Two US Mall Operators Gearing Up For A Takeover Fight

Indianapolis-based company Simon Property has launched a hostile bid to acquire rival Macerich for $22.4 billion. If the deal manages to go through, two of the U.S.’s three largest shopping mall operators would be combined into a single entity.

That offer, which pencils out to about $91 per share in a cash-and-stock transaction, represents a 30 percent boost to Macerich’s closing stock price on Nov. 18. That was one day before Simon disclosed its 3.6 percent ownership of the company.

Simon reported yesterday (March 9) that this is the latest approach that Macerich has rebuffed.

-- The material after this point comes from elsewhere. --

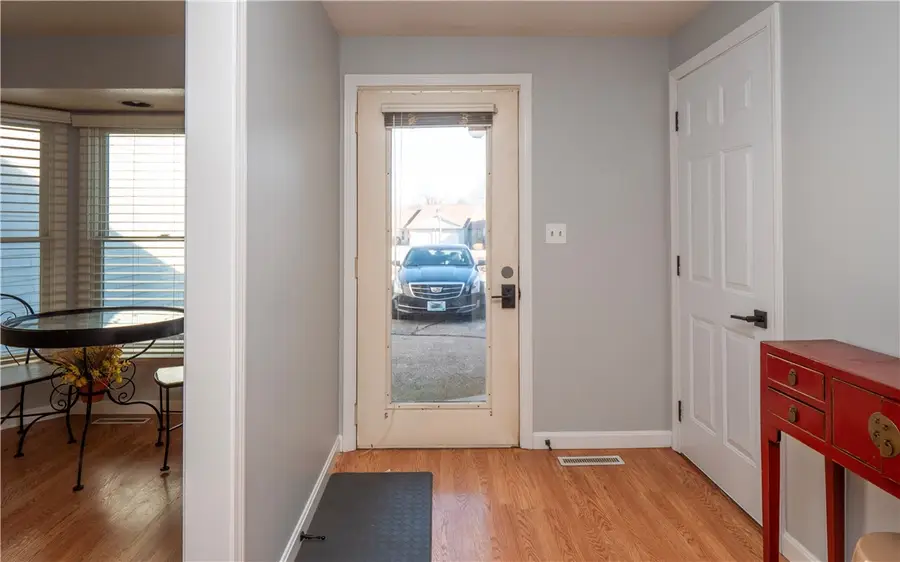 83 Valley Lane, Portsmouth, RI 02871 - Image #2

“Notwithstanding multiple attempts, including meetings in December 2014 and February 2015 following the disclosure of our investment in November 2014, Macerich has thus far refused to engage in discussions with us regarding the merits of an acquisition by Simon,” said David Simon, chairman and chief executive. “We are confident our proposed transaction provides a highly attractive value proposition to Macerich shareholders . . . Considering the substantial benefits our offer provides, we are confident that, given the opportunity, Macerich’s shareholders would accept our proposal.”

Macerich’s shareholders so far are urging a wait-and-see course, with the caveat that the company’s board would review the “unsolicited, conditional” proposal from Simon.

It will be an uphill battle for Simon to take over Macerich, or at least it could be, since the latter firm is registered as a real estate investment trust in Maryland –  a state that happens to protect such companies from unsolicited bids. Even if the takeover is successful, the now larger Simon would have to deal with the declining fortunes of the American shopping mall.

“Some higher-end companies entering malls are doing phenomenally well, and there’s strong growth in outlets, while B and C locations are showing more of a struggle,” said Simeon Siegel, research director at Nomura.

Simon owns about 15 percent of U.S. malls and half of the country’s outlet stores and is the nation’s largest mall operator. A quarter of its revenues come from its discount outlets.

A takeover increases Simon’s national footprint, particularly in Arizona and California, and gives it greater leverage in negotiations with mall tenants.

Half the middle-class malls will fail or be converted to alternative uses within 20 years, he predicts.

BofA Merrill Lynch is acting as financial adviser to Simon while Latham & Watkins LLP will be the mall operator’s legal counsel.